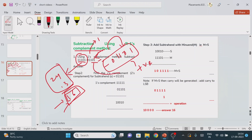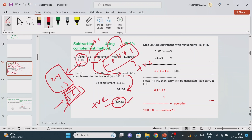We are going to convert the negative number into a positive number. The rule is: if it is 1, make it 0; if it is 0, make it 1. After applying one's complement, the negative number becomes positive. Now both numbers are positive, so we perform the addition operation.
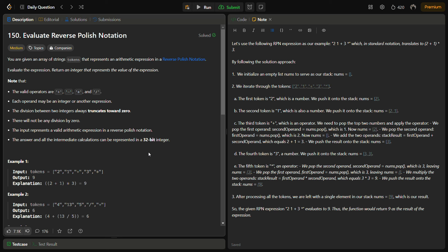Hello guys and welcome back to LeetLogics. This is the Evaluate Reverse Polish Notation problem from LeetCode, a medium problem numbered 150. We are given an array of strings called tokens that collectively represent a Reverse Polish Notation of an expression, and we have to evaluate the expression and return an integer that is its value.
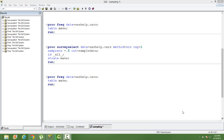In this video I will talk about stratified random sampling. In an earlier video I have talked about simple random sampling with replacement and without replacement. In this video I will talk about stratified random sampling.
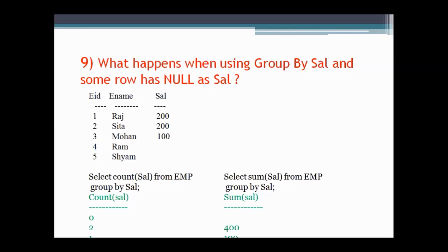The next question asks what happens when we use GROUP BY on salary and some rows have a NULL value for salary. An example is shown here using GROUP BY salary with both COUNT(salary) and SUM(salary). For COUNT, the two rows with NULL will return zero, and for SUM, those two NULL rows will return NULL in the SUM of salary.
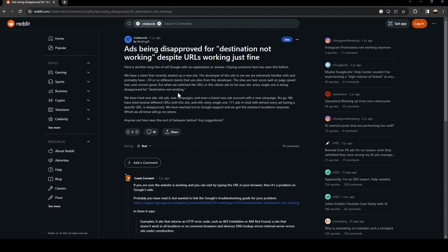We probably have 50 or so different clients that use sites from this developer. The sites are fast, score well on page speed tests and convert great, but when we switch the URLs in this client's ads to this new site, every single one is being disapproved for destination not working.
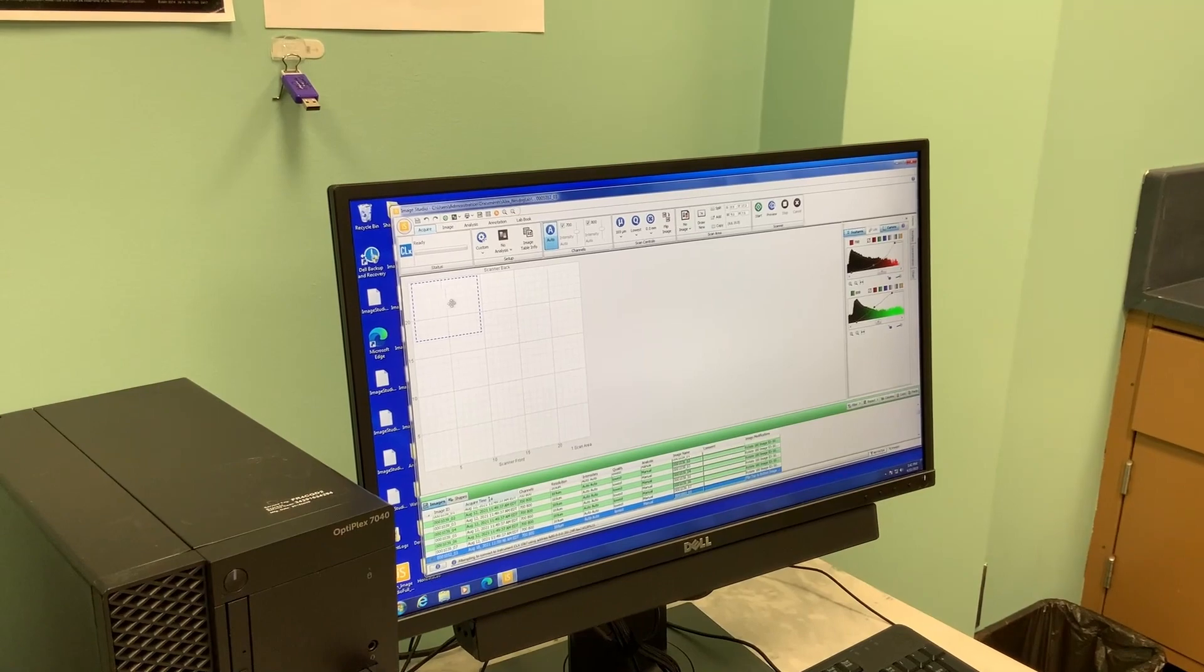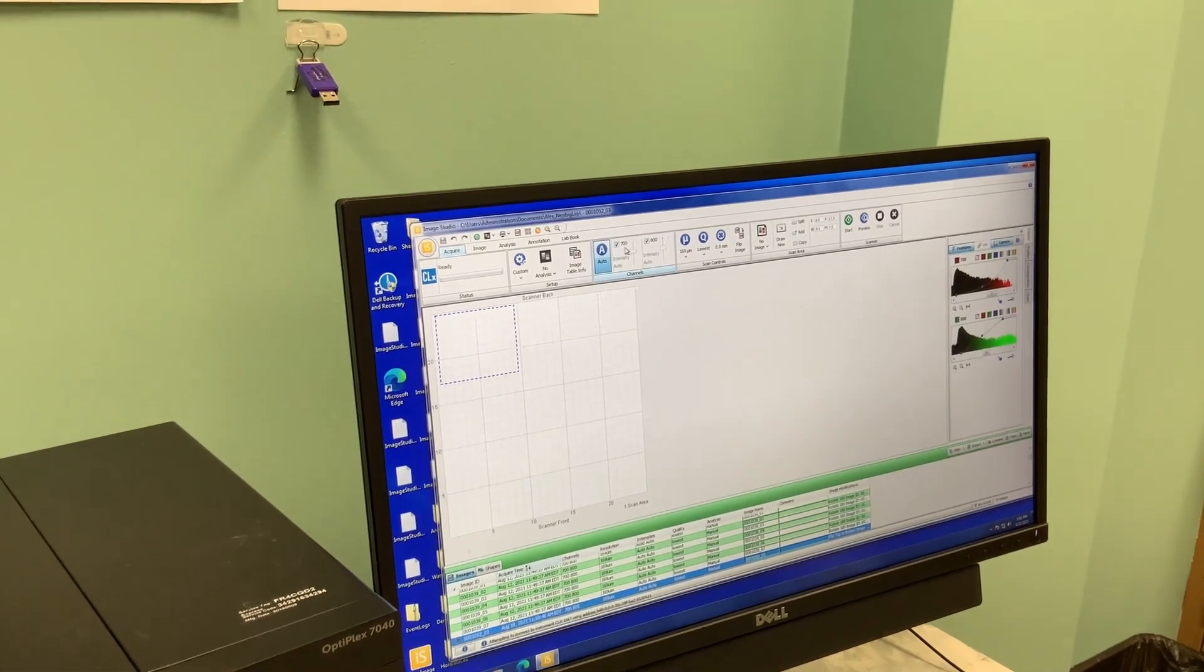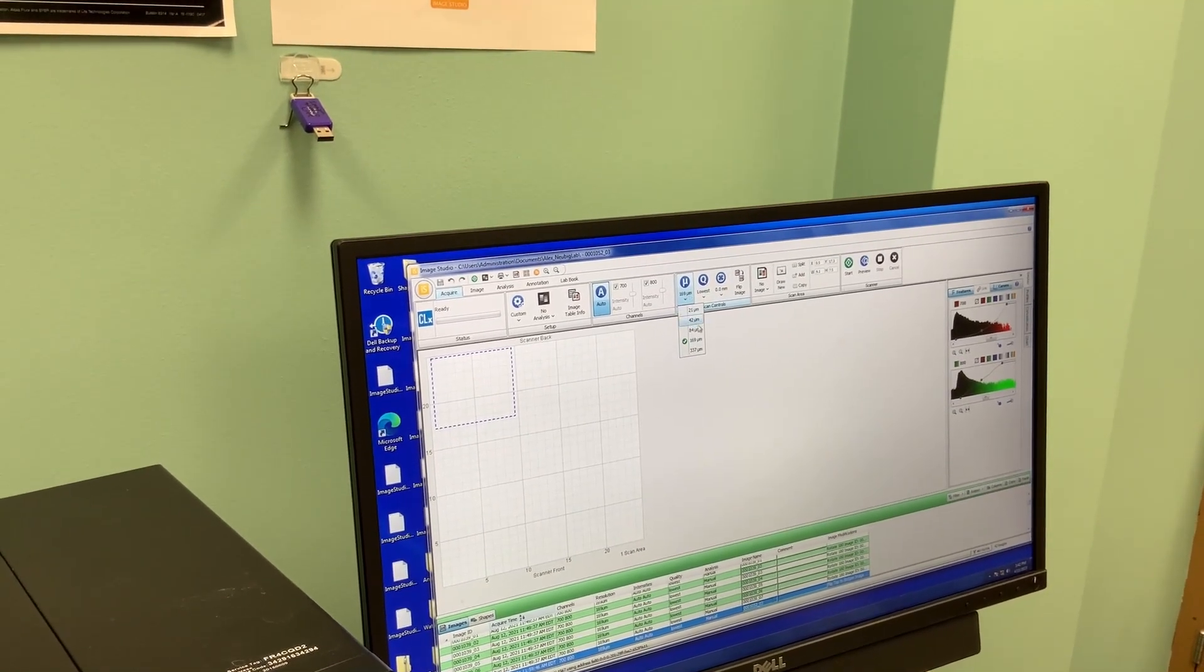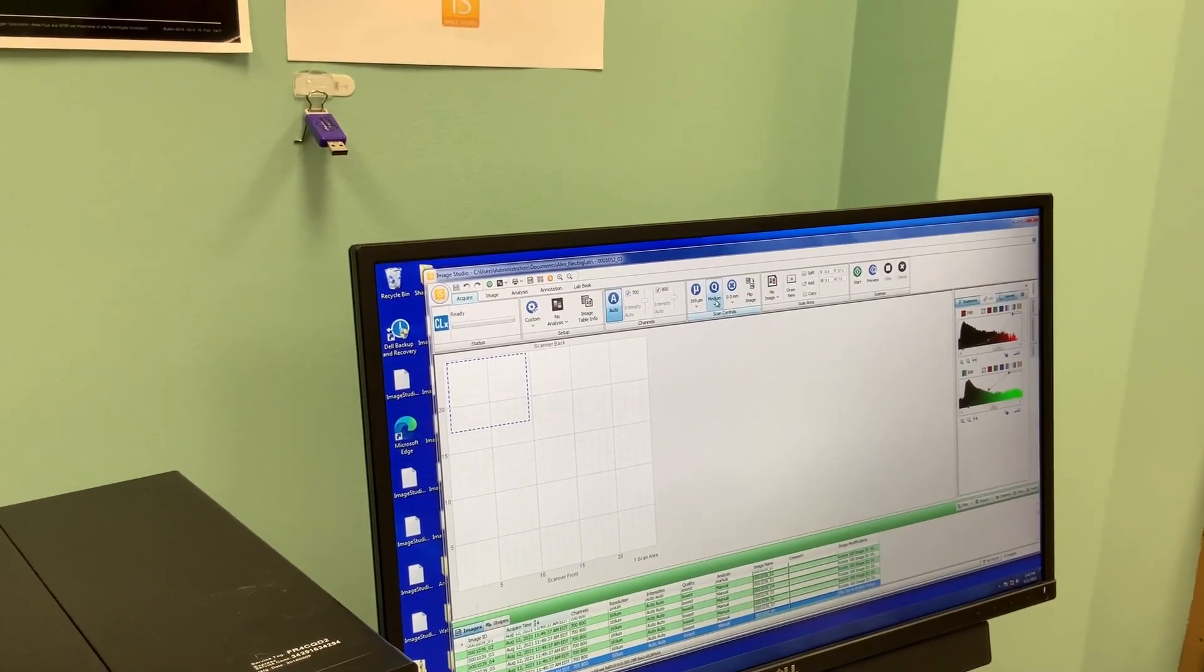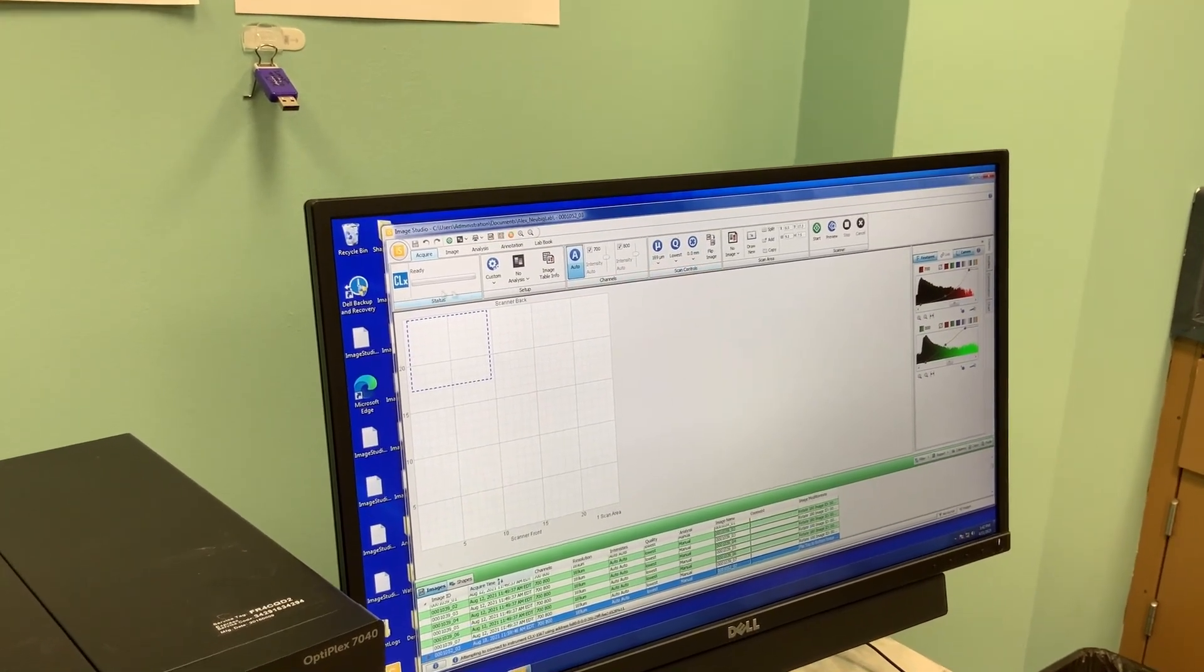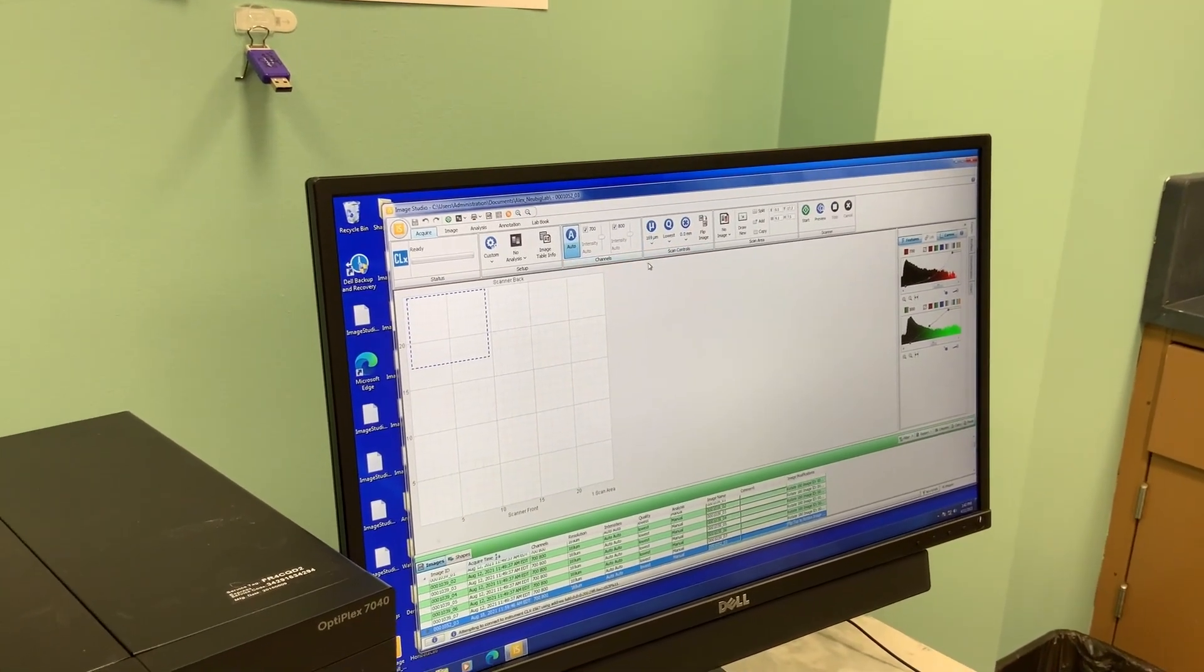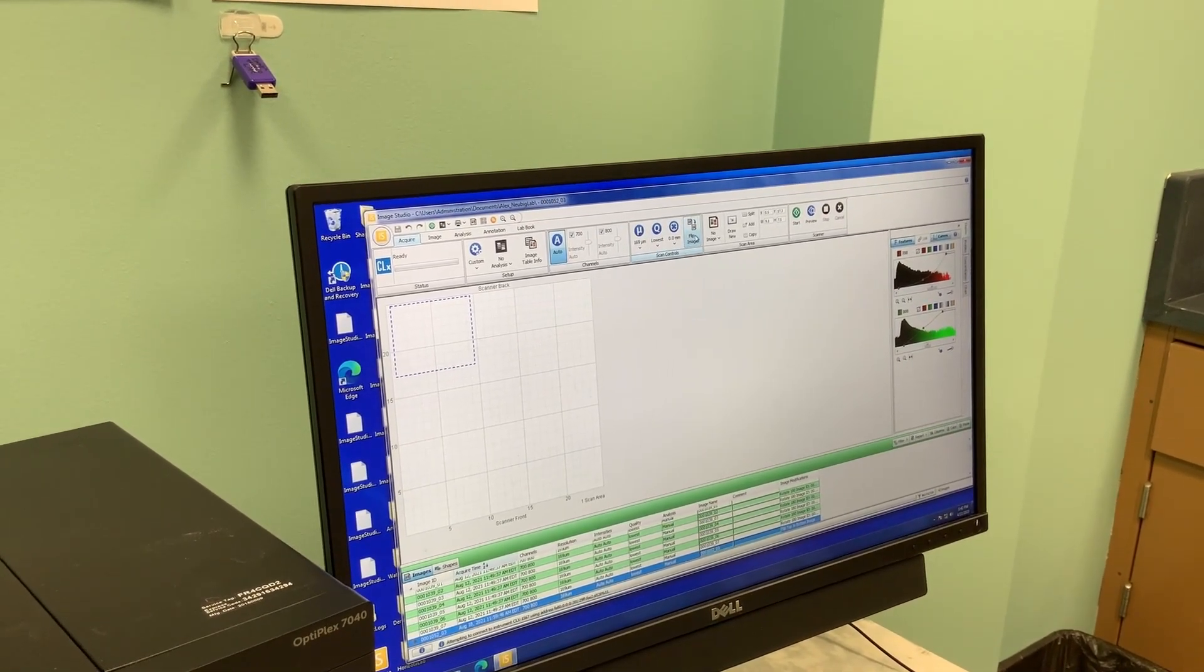Now that we've set the size of our region, we can go through these different settings. We want to keep 700 and 800 both checked so we read at both channels. This is the quality. Right now I have it on a low quality, but you can increase this if you're going to take a publication blot and you can also increase the resolution here.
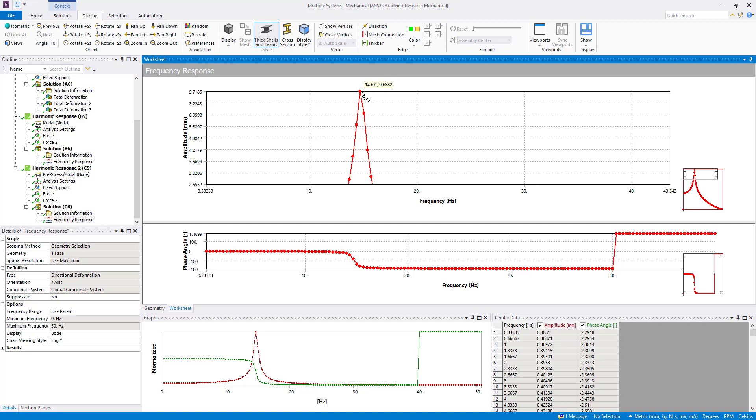You can continue pressing. So you can see here it is 14.67 and amplitude is 9.6882. So in case of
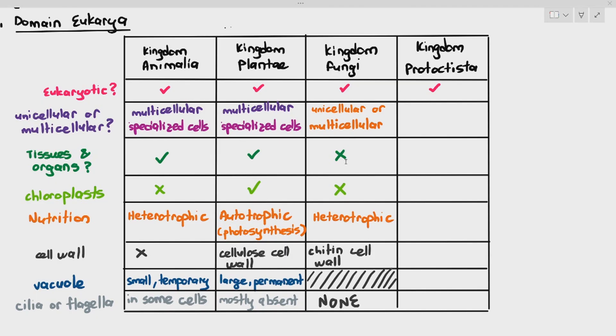The cell wall of fungi is made of chitin. They do have a cell wall, but it is different from the plant cell wall. Plants have a cellulose cell wall, while fungi have a chitin cell wall.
::::::::::
- [Problem to solve]: Output each entry shown above exactly as it stands, with all pictures removed.

- [Expected output]:
We are going to convert the negative number into a positive number. The rule is: if it is 1, make it 0; if it is 0, make it 1. After applying one's complement, the negative number becomes positive. Now both numbers are positive, so we perform the addition operation.
Hello guys and welcome back to LeetLogics. This is the Evaluate Reverse Polish Notation problem from LeetCode, a medium problem numbered 150. We are given an array of strings called tokens that collectively represent a Reverse Polish Notation of an expression, and we have to evaluate the expression and return an integer that is its value.
In this video I will talk about stratified random sampling. In an earlier video I have talked about simple random sampling with replacement and without replacement. In this video I will talk about stratified random sampling.
The next question asks what happens when we use GROUP BY on salary and some rows have a NULL value for salary. An example is shown here using GROUP BY salary with both COUNT(salary) and SUM(salary). For COUNT, the two rows with NULL will return zero, and for SUM, those two NULL rows will return NULL in the SUM of salary.
We probably have 50 or so different clients that use sites from this developer. The sites are fast, score well on page speed tests and convert great, but when we switch the URLs in this client's ads to this new site, every single one is being disapproved for destination not working.
Now that we've set the size of our region, we can go through these different settings. We want to keep 700 and 800 both checked so we read at both channels. This is the quality. Right now I have it on a low quality, but you can increase this if you're going to take a publication blot and you can also increase the resolution here.
You can continue pressing. So you can see here it is 14.67 and amplitude is 9.6882. So in case of
The cell wall of fungi is made of chitin. They do have a cell wall, but it is different from the plant cell wall. Plants have a cellulose cell wall, while fungi have a chitin cell wall.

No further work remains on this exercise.